Nell'aspetto solare maschile questo "non ascoltare il cuore" è interpretabile come la ragione che ha schiacciato la passione, l'elemento aria che ha affievolito, col troppo soffiare, il fuoco della passionalità. Yule ci permette di mettere a confronto la ragionevolezza con la ragione: non lasciare quindi che la razionalità del materiale ci faccia perdere di vista la concezione dello spirituale, sia nelle nostre scelte che nei nostri desideri. La luce non deve scacciare l'oscurità, ma deve essere guida per uscire dal tunnel che percorriamo nel nostro camminare lungo la ruota dell'anno spirituale; ci serve per non dimenticare che la luce produce ombra e che finché esisterà la luce esisterà il suo opposto. Come ci fa notare Woland in quel capolavoro che è Il Maestro e Margherita di Michail Afanas'evič Bulgakov: "Eppure dovrai metterti l’animo in pace, – replicò Woland, e un sorriso beffardo storse la sua bocca. – Non hai fatto in tempo ad apparire sul tetto che hai già detto una sciocchezza, e ti dirò io in che cosa consiste: nel tuo tono.
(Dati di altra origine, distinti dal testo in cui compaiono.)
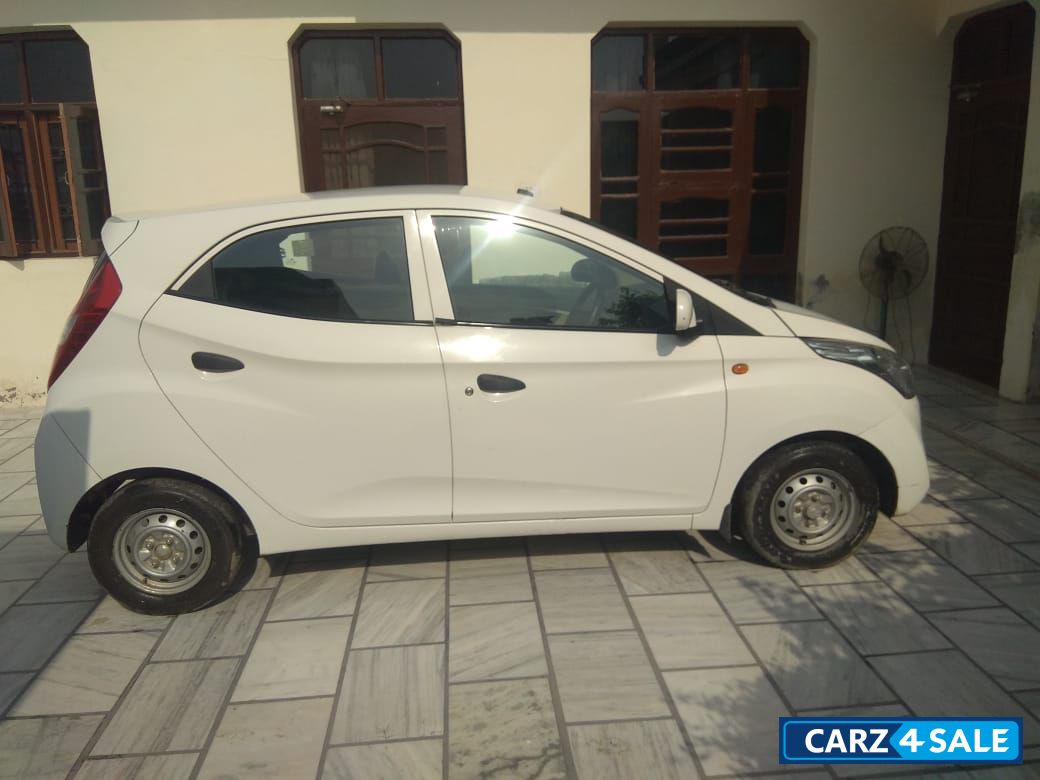 White Hyundai Eon Era plus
Hai pronunciato le tue parole come se tu non riconoscessi l’esistenza delle ombre, e neppure del male. Non vorresti avere la bontà di riflettere sulla questione: che cosa farebbe il tuo bene, se non esistesse il male? E come apparirebbe la terra, se ne sparissero le ombre? Le ombre provengono dagli uomini e dalle cose. Ecco l’ombra della mia spada. Ma ci sono le ombre degli alberi e degli esseri viventi. Vuoi forse scorticare tutto il globo terrestre, portandogli via tutti gli alberi e tutto quanto c’è di vivo per il tuo capriccio di goderti la luce nuda? Sei sciocco."
Una volta accettata l'oscurità e la luce come due gemelli, si riconoscerà che è proprio dall'inconscio che nasce l'idea; quella stessa idea che contiene, nel suo piccolo germe, tutto ciò che serve per evolvere e cambiare il mondo. L'inconscio non è razionale, l'inconscio non è intelletto luminoso, bensì ombra. È lì, nell'ombra che nasce la luce che schiarisce l'idea e che accende la vita della stessa. Senza entrambi non ci sarebbe vita.